(SUPPLIED RECORDS Opens)

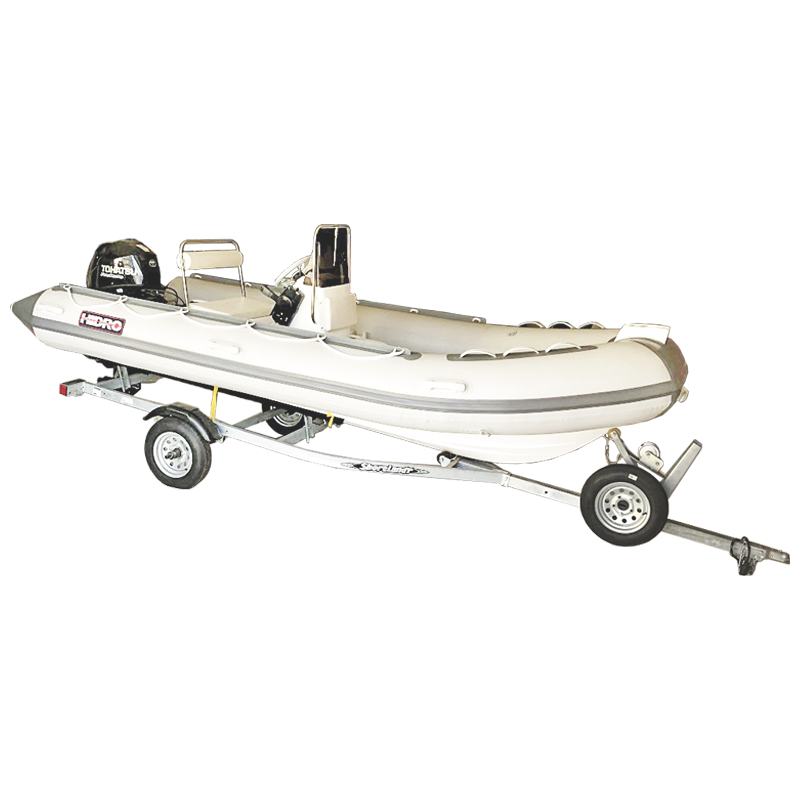 KIT BOTE HIDRO RIB 480A+ MOTOR MFS50HP AETL + TRAILER SARGO520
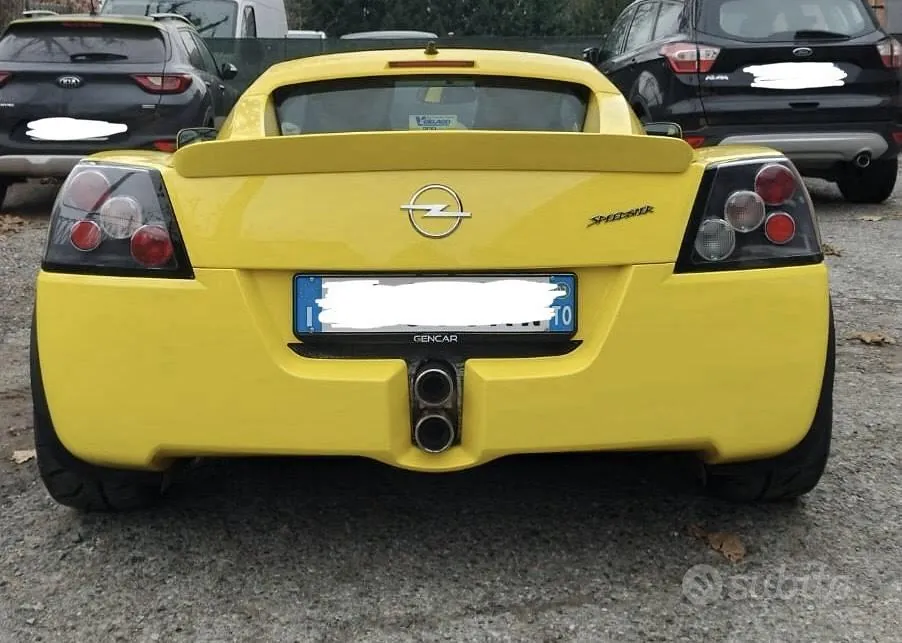Opel Speedster 2002 photo 3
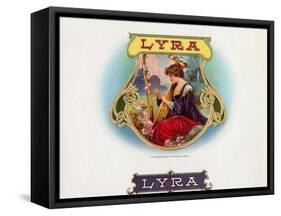 Lyra-Art Of The Cigar-Framed Stretched Canvas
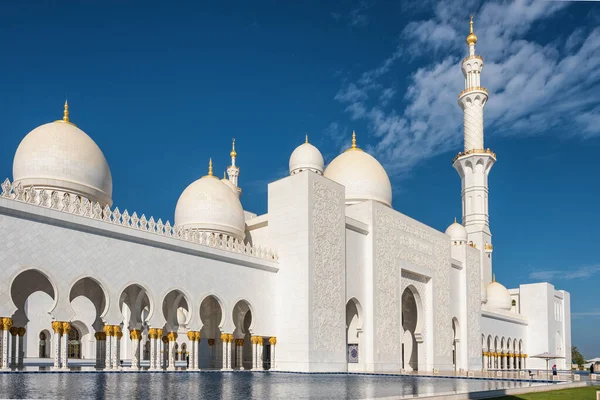 Grande Mosquée à Abu Dhabi, EAU — Photo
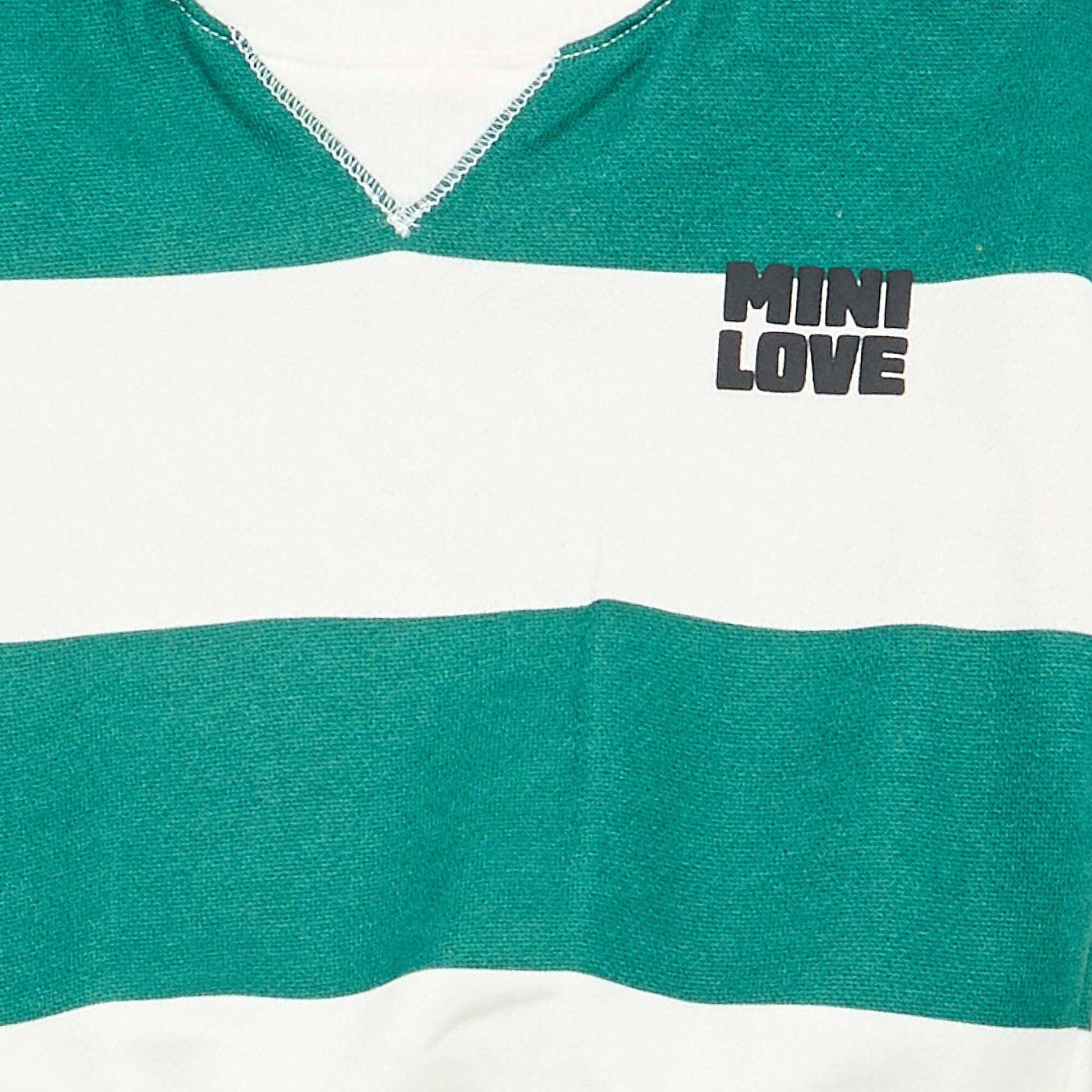 Sweat en French Terry VERT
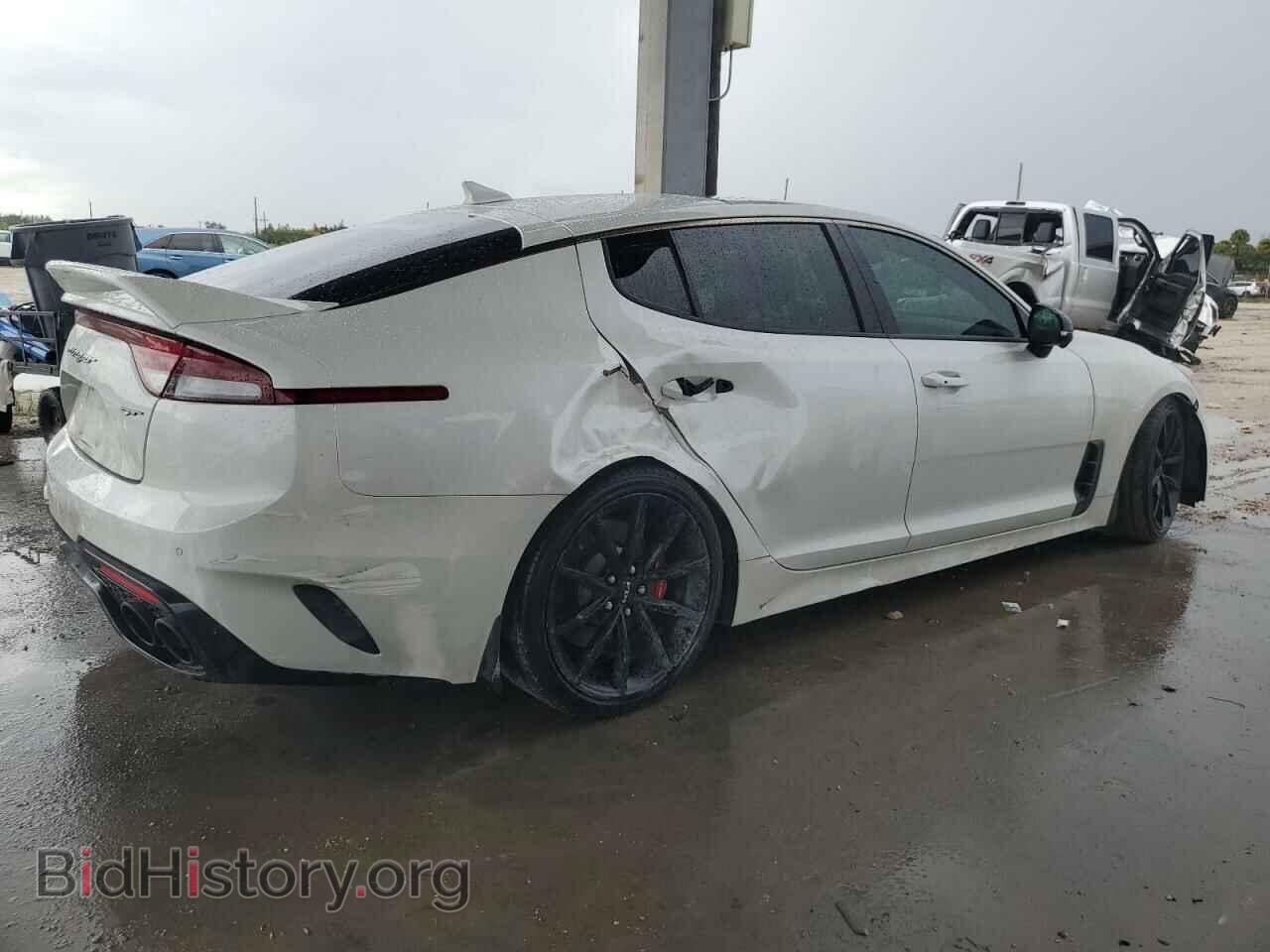 2022 KIA STINGER - VIN: KNAE55LC1N6103116 - Фото 3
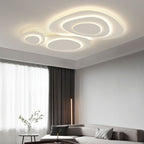 Jurel Plafonnier Nuage Blanc Chambre A Couche - Neutralighting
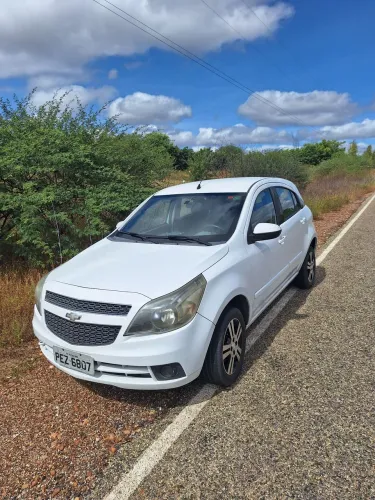 Chevrolet Agile LTZ 1.4 MPFI 8V Flexpower 5P 2013
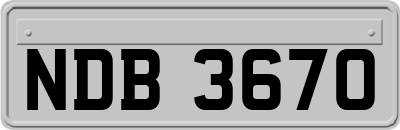 NDB3670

(SUPPLIED RECORDS Closes)

* EXERCISE PROMPT: When the line containing "Sweat en French Terry VERT" has been located, retype it and each line after it through the end of the records, excluding the pictures and adding nothing else.

* SOLUTION:
 Sweat en French Terry VERT
 2022 KIA STINGER - VIN: KNAE55LC1N6103116 - Фото 3
 Jurel Plafonnier Nuage Blanc Chambre A Couche - Neutralighting
 Chevrolet Agile LTZ 1.4 MPFI 8V Flexpower 5P 2013
 NDB3670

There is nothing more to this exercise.